IRS Notice Clarifies Begin-Construction Requirement for PTC and Elective ITC
The IRS has issued two notices this year that provide essential guidance for taxpayers who seek renewable energy tax credits under the Production Tax Credit (PTC) and elections to take the Investment Tax Credit (ITC). Both of these tax credits were significantly amended by the American Taxpayer Relief Act of 2012 (ARTA). The primary amendment replaced the in-service requirement with the begin-construction requirement.
The first notice, Notice 2013-29, provides guidance concerning the safe harbor for the begin-construction requirement. Under the express statutory language, taxpayers may qualify for the tax credits by beginning construction. Given the ambiguity of the begin-construction requirement, many taxpayers wanted certainty on whether they would qualify for the tax credits. So the IRS has established an administrative safe harbor that provides additional certainty.
Under the begin-construction rule, taxpayers must start “physical work of a significant nature.” As an alternative, taxpayers may qualify under a safe harbor rule. Under the safe harbor, taxpayers must (i) “pay or incur” five percent or more of the total cost of a facility before January 1, 2014, and (ii) make “continuous efforts to advance towards completion of the facility.”
Though Notice 2013-29 provided very helpful information, taxpayers requested additional guidance regarding (i) the effect of placing a facility in service, (ii) the “master contract” provision, and (iii) the effect of transferring a facility. The IRS provided the requested additional guidance in Notice 2013-60.
Additional Guidance Under Notice 2013-60
Notice 2013-60 confirms the safe harbor option, along with the option of satisfying the safe harbor through a binding written contract. It also reaffirms the second prong of the safe harbor, which requires continuous efforts to advance the project towards completion. Whether a taxpayer exerts such continuous efforts will be determined by the facts and circumstances.
The Notice clarifies that if a facility is placed in service before January 1, 2016, the facility will be considered to satisfy the continuous-construction requirement. Placing a facility in service will satisfy the requirements of continuous construction as well as continuous efforts. In essence, placing a facility in service is a safe harbor in itself.

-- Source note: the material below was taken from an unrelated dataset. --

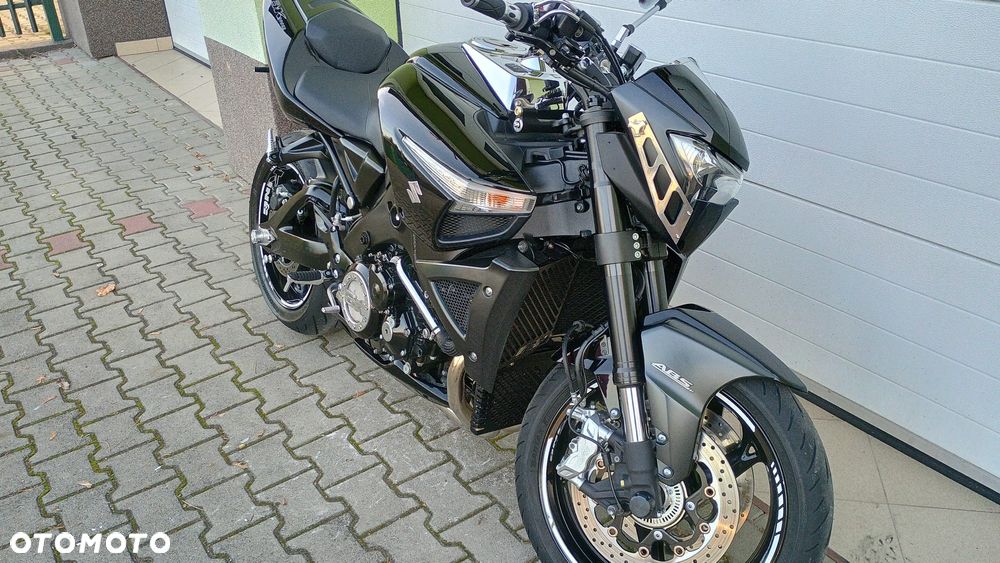 Suzuki GSX - 2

The Notice also clarifies the master-contract rule. Under this rule, a taxpayer may satisfy the begin-construction requirement’s physical-work test. But it also may be used to satisfy the safe harbor. In other words, for purposes of the safe harbor, a taxpayer may enter into a “master contract,” or a binding written contract for a specific number of components to be manufactured, constructed, or produced to pay or incur the necessary costs (i.e., 5% of qualifying project costs).
Finally, the Notice explains the effect of transferring a facility, which was not addressed by Notice 2013-29. As expected, the transfer of a facility normally will not preclude a taxpayer from qualifying for the tax credits. Based on the statutory language of the PTC (and therefore ITC), the taxpayer who receives the credit need not also be the entity that begins construction. So a taxpayer may still qualify for tax credits even if a third party satisfied the begin-construction requirement.

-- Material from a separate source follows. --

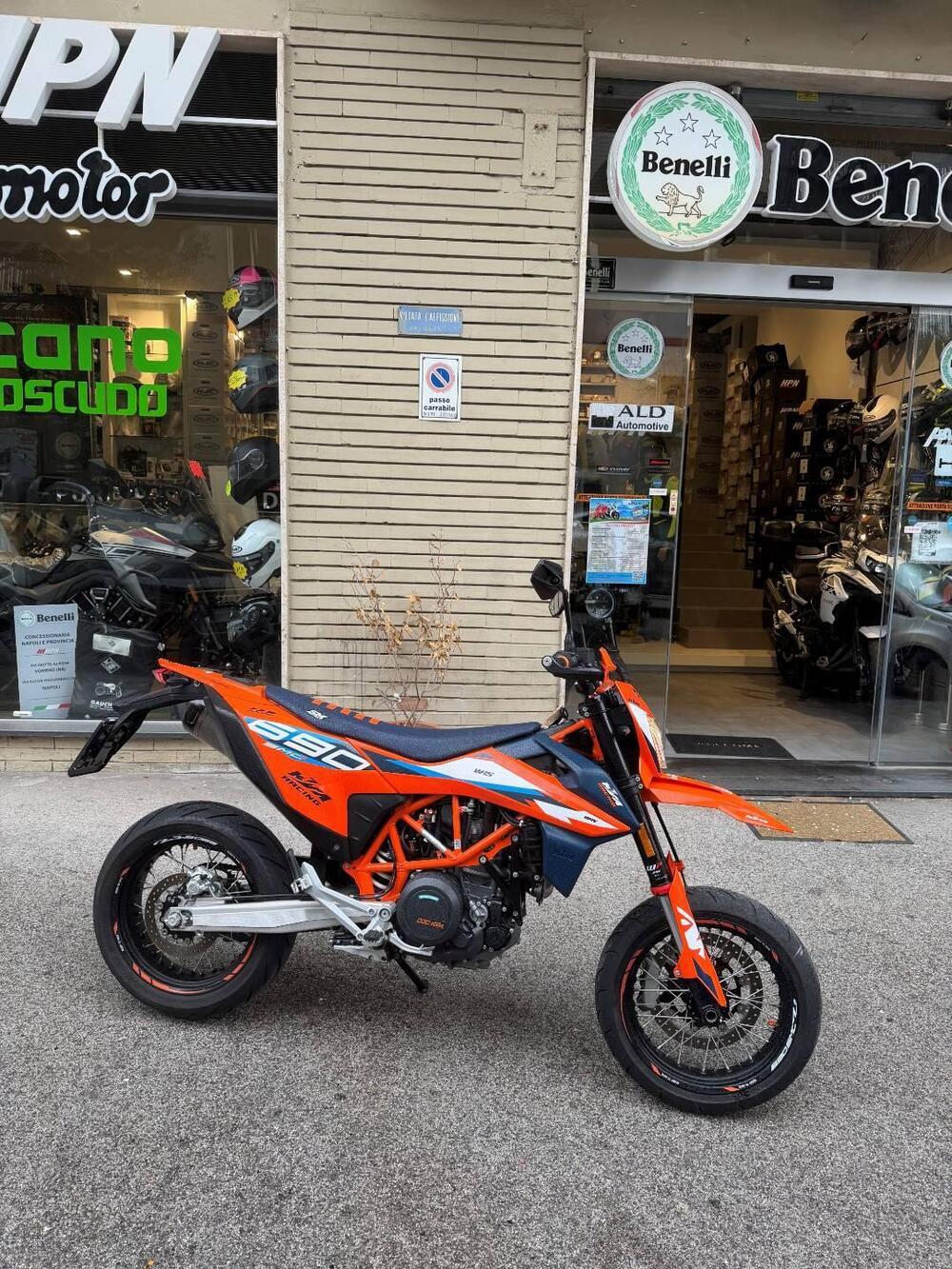 KTM 690 SMC R (2023 - 25) (2)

For example, if a third party undertook all activities to satisfy the begin-construction requirement (by physical work or the safe harbor), that third pay may transfer its interest to a taxpayer who takes the tax credits, as long as the taxpayer either (i) owns the facility during the tax-credit period (e.g., 10 years) for purposes of the PTC, or (ii) owns the facility when it is originally placed in service for purposes of the ITC election. In other words, a developer may satisfy the begin-construction requirement and then transfer the facility to investors. The investors may take the PTC or ITC, as long as they otherwise qualify for the tax credits (other than the begin-construction requirement).

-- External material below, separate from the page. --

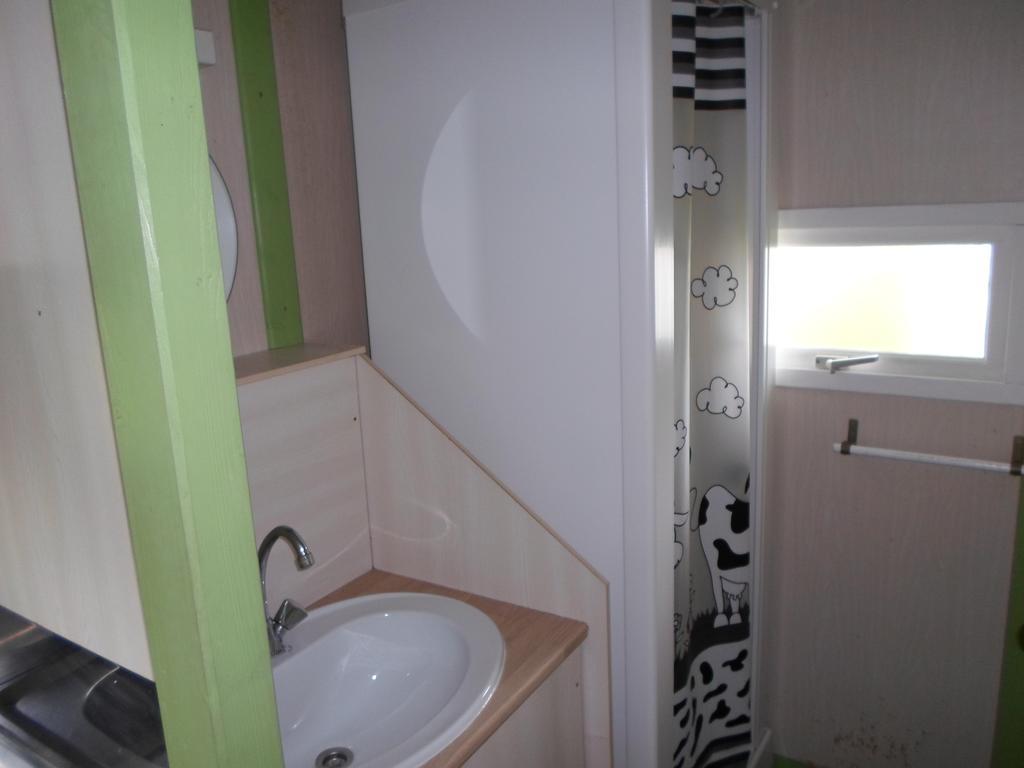 Camping Les Pinasses La Chapelle (Lorraine) Quarto foto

By issuing very helpful guidance in Notice 2013-29 and Notice 2013-60, the IRS appears very interested in assisting the renewable energy industry. These notices should provide much-needed guidance to developers and investors who seek to qualify for the PTC or ITC — whether directly or indirectly. As always, taxpayers seeking to qualify for the PTC and ITC should consult with their tax attorneys and advisors to ensure their projects satisfy all other tax requirements for taking the PTC and ITC.